# [What you will do]
The records below are to be restated word for word, with every picture left out.

# [Exercise material]
------------------------------------------------------------

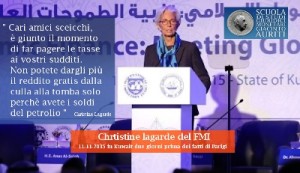 Fondo Monetario Internazionale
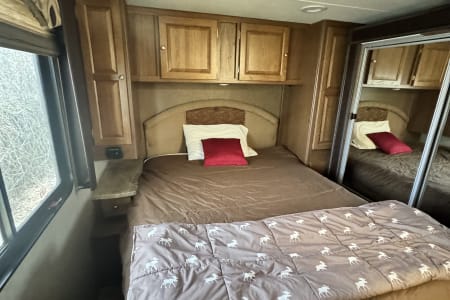 Eagle MountainRV rentals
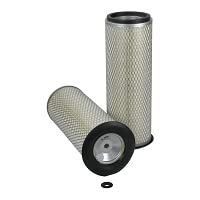 Luftfilter SL 8639 kompatibel mit P52-6505, 42533, AF1855, PA2587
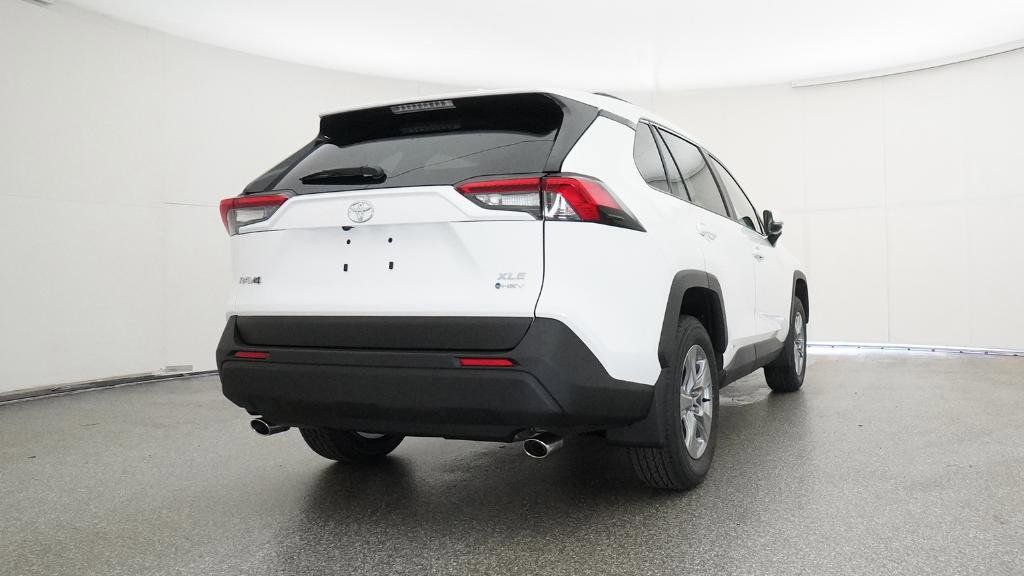 Thumbnail: 2025 Toyota RAV4 - 19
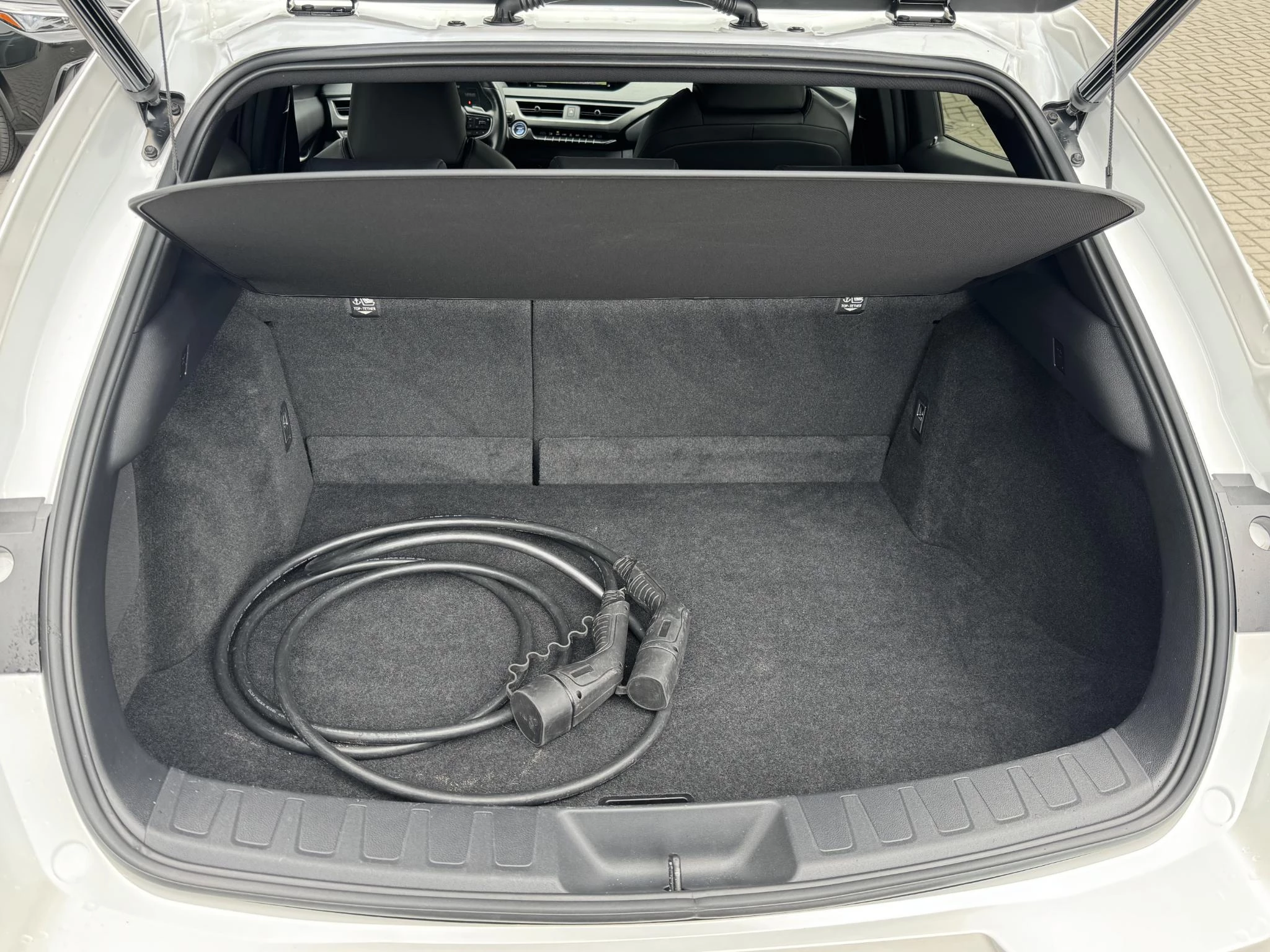 Hoofdafbeelding Lexus UX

------------------------------------------------------------

# [Solved exercise]
 Fondo Monetario Internazionale
 Eagle MountainRV rentals
 Luftfilter SL 8639 kompatibel mit P52-6505, 42533, AF1855, PA2587
 Thumbnail: 2025 Toyota RAV4 - 19
 Hoofdafbeelding Lexus UX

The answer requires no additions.